The Sixth Amendment of the United States Constitution guarantees an accused the right to a public trial in all criminal prosecutions.
Appellant Conrad Lilly, was charged with two counts of assault on a public servant while he was in prison. The trial court sua sponte convened his trial in the prison-chapel courtroom in lieu of the local courthouse. Appellant objected to his case being tried in the prison chapel and moved for a change of venue, arguing that his 6th Amendment right to a public trial was violated because “prisons are not open to the public and are more like military zones than public places.” The trial court denied his change of venue request and the 11th Court of Appeals (Eastland) affirmed.
To support his claim, appellant pointed out the following facts to show that, as applied in his case, the prison chapel trial violated his constitutional rights:
- The prison is protected by double razor fences, locked metal doors, and high-security procedures;
- Only people listed on an inmate-defendant’s approved visitor list could enter the branch courthouse to attend proceedings (only 10 names can appear on that list and the names can only be modified once every 6 months);
- Media and other members of the public would be prohibited from entering unless TDCJ officials in Huntsville preapproved the media’s request;
- People attempting to attend the proceeding could be denied entrance if they wore offensive clothing; and
- Unaccompanied minors and people released from confinement within the last two years are prohibited from entering the prison at all.
In this case, “the court of appeals held that Appellant’s trial was not closed to the public because there was no evidence that anyone was ‘dissuaded from attempting’ to attend, and no one was actually prohibited from attending his trial.” The Texas Court of Criminal Appeals disagreed with this analysis.
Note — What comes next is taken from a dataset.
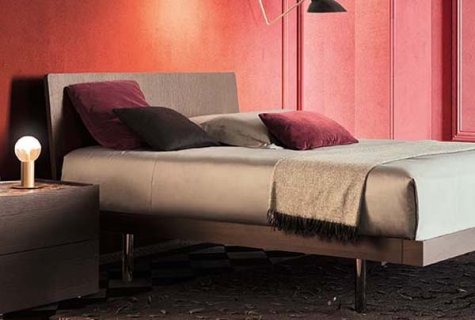Alfa-beds by simplysofas.in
The focus of the inquiry, the CCA explained, “is not whether the defendant can show that someone was actually excluded. Rather, a reviewing court must look to the totality of the evidence and determine whether the trial court fulfilled its obligation ‘to take every reasonable measure to accommodate public attendance at criminal trial.'”
[E]ven though many of the individual admittance policies in this case would not, standing alone, necessarily amount to a per se closure, the cumulative effect of the Unit’s policies undermines our confidence that every reasonable measure was taken to accommodate public attendance at Appellant’s trial.
Having found that Appellant’s trial was indeed closed to the public, the CCA further held that the trial court failed to make findings of fact on the record that justified closing Appellant’s trial. Because Appellant’s 6th Amendment right to a public trial was violated, the CCA reversed the judgments of the court of appeals and the trial court, and remanded the case for a new trial.
The CCA refrained from considering or commenting on whether prison trials are inherently violative of the 6th Amendment, noting that there could be occasions where a “public trial” is held in a prison.